Hahahah, nie no, niekoniecznie musiały ich ścigać trupy. Zobaczyli nienaruszony kościół, może przez przypadek zauważyli również księdza w środku. Nie jedli parę dni, byli wykończeni, po drodze pewnie pozabijali miliardy trupów więc myśleli, że osoba, która się zwie księdzem im pomoże. Nie dostali tego co chcieli więc odeszli, pozostawiając pamiątkę :)
mogło by tak być, ale myślę, że bardziej chodzi o to co zrobił lokalsom, nie pokazywaliby wtedy tej kobiety w okularach i naszyjniku na zdjęciu z Gabrielem, która była zombiakiem w wodzie. wydawali się dość bliscy sobie, może to nawet mogła być jego żona (jeśli jest pastorem)?
załatwił to nie, ale zawsze to wygląda gorzej jak ktoś odwróci się i nie pomoże bliskim osobom, niż przypadkowym obcym. może nawet nie tyle się zamknął i nie wpuścił, co nawet wyrzucił inne przebywające w kościele osoby, żeby było więcej żarcia dla niego. nie wiem w sumie po co robi taki cyrk z tą tajemniczością, na pewno by zdobył większe zaufanie grupy gdyby wyznał co zrobił, nawet jesli by to było coś strasznego.
"może nawet nie tyle się zamknął i nie wpuścił, co nawet wyrzucił inne przebywające w kościele osoby, żeby było więcej żarcia dla niego"
to by pasowało do niego, ksiądz wydaje się patologicznym tchórzem.
a może księciunio po prostu ma deal z terminusem i w zamian za spokój jego duszy i ciała wydaje im ludzi, którzy znaleźli schronienie w kościele?
Nie wiem, średnio mi się wydaję, bo nie wygląda na takiego.
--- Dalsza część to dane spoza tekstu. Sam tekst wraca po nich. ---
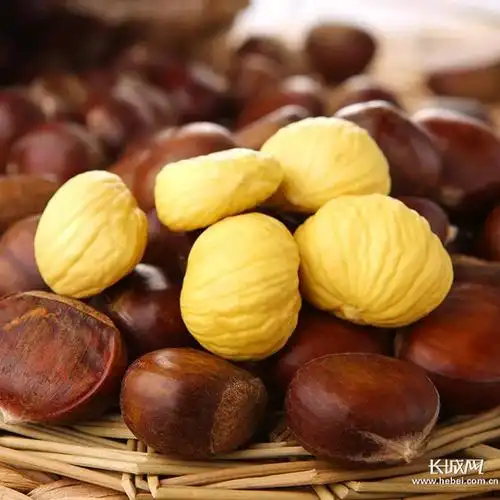 个头玲珑,色泽光鲜的迁西板栗.河北省农业农村厅供图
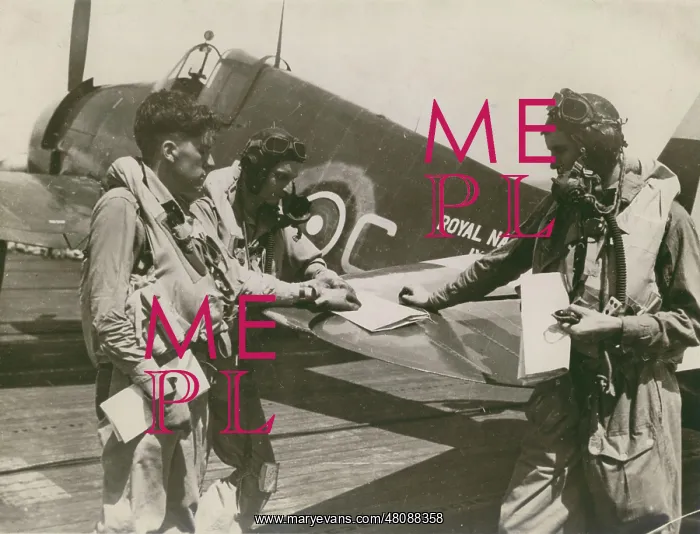 : Grumman Hellcat of the Royal Navy in the East Indies : Grumman Hellcat of the Royal Navy in the East Indies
No, ale cóż, w czasach apokalipsy to nawet największe niewiniątko może okazać się mordercą/kanibalem tudzież innym psychopatą :)
"Ciekawa jestem o co chodziło z tym napisem na kościele ,,Będziesz się smażył w piekle''.
Nie chciał ich wpuścić, to mu napisali wiadomość. Takie jest przynajmniej najbardziej logiczne wytłumaczenie. Ot, cała historia.
W kościele siedział bodajże półtora roku, żywiąc się konserwami. Sporo ich miał. Potem zaczął wychodzić na dwór w poszukiwaniu zapasów.